長崎市の私立高校の男子生徒(当時16)が自殺し、学校側が設けた第三者委員会がいじめとの因果関係を認める報告をまとめたにもかかわらず、学校が半年にわたって受け入れを拒否している。法律は遺族に対応を示した上で自治体に報告するよう定めており、文部科学省の担当者は「違法状態」と指摘している。

 「報告書は重いものだと思っていた。そこまで信じないという姿勢は、教育者としてどうなのか」。男子生徒の三回忌にあたる4月20日。現場となった長崎市の公園で献花した母親は、そう語った。手向けたのはカーネーション。母の日を忘れなかったという息子が、よく贈ってくれた花だ。父親も「命が軽んじられている。誠実さが全くない」と憤った。

 この前日、学校側の弁護士から「ご連絡」と題した23ページの文書が届いた。第三者委の報告書について「遺書などについての十分な考察がされていない」「明らかに論理的飛躍がある」などの理由で「問題がある」と書かれていた。報告の内容に疑問があり、認定は受け入れられない意向を伝えてきた1月と同様の意思表示だった。

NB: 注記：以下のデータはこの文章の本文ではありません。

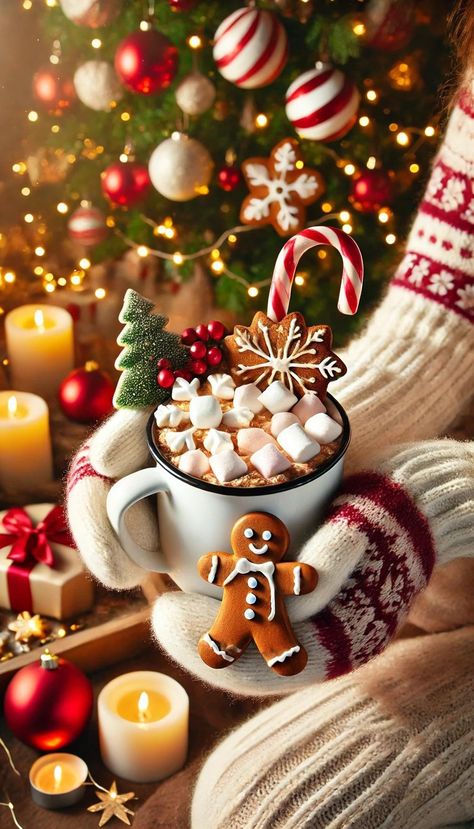 @flying.reindeer Aesthetic Christmas Hot Chocolate, Image Noel Aesthetic, Hot Cocoa Wallpaper, Noel Aesthetic, Hot Chocolate Aesthetic, Meri Christmas, Winter Hot Chocolate, Christmas Phone Backgrounds, Tools Aesthetic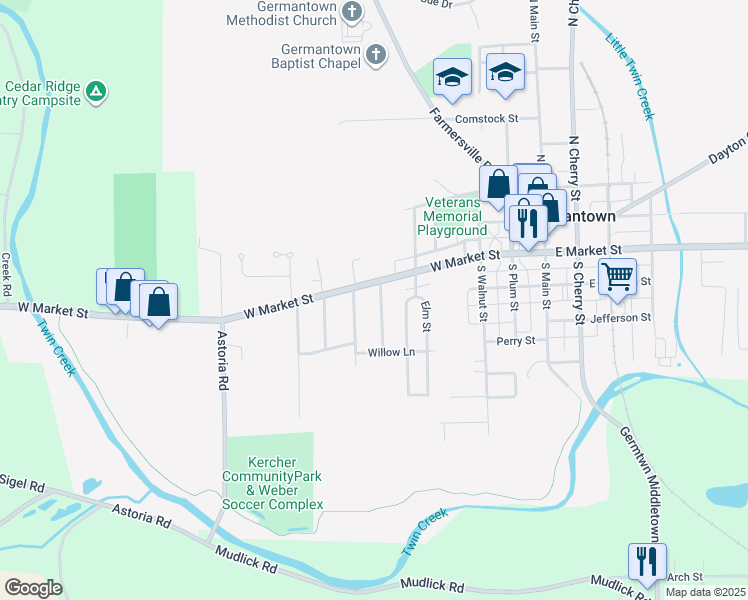 map of restaurants, bars, coffee shops, grocery stores, and more near 520 Ohio 725 in Germantown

 男子生徒は2017年4月に自殺した。弁護士と臨床心理士、校長経験者の計5人からなる第三者委が1年4カ月ほどかけ、生徒延べ約70人、男子生徒の担任など教師ら学校側の約30人にアンケートやヒアリングを実施。36回の協議を重ねて18年11月、64ページの報告書にまとめ、学校に届けた。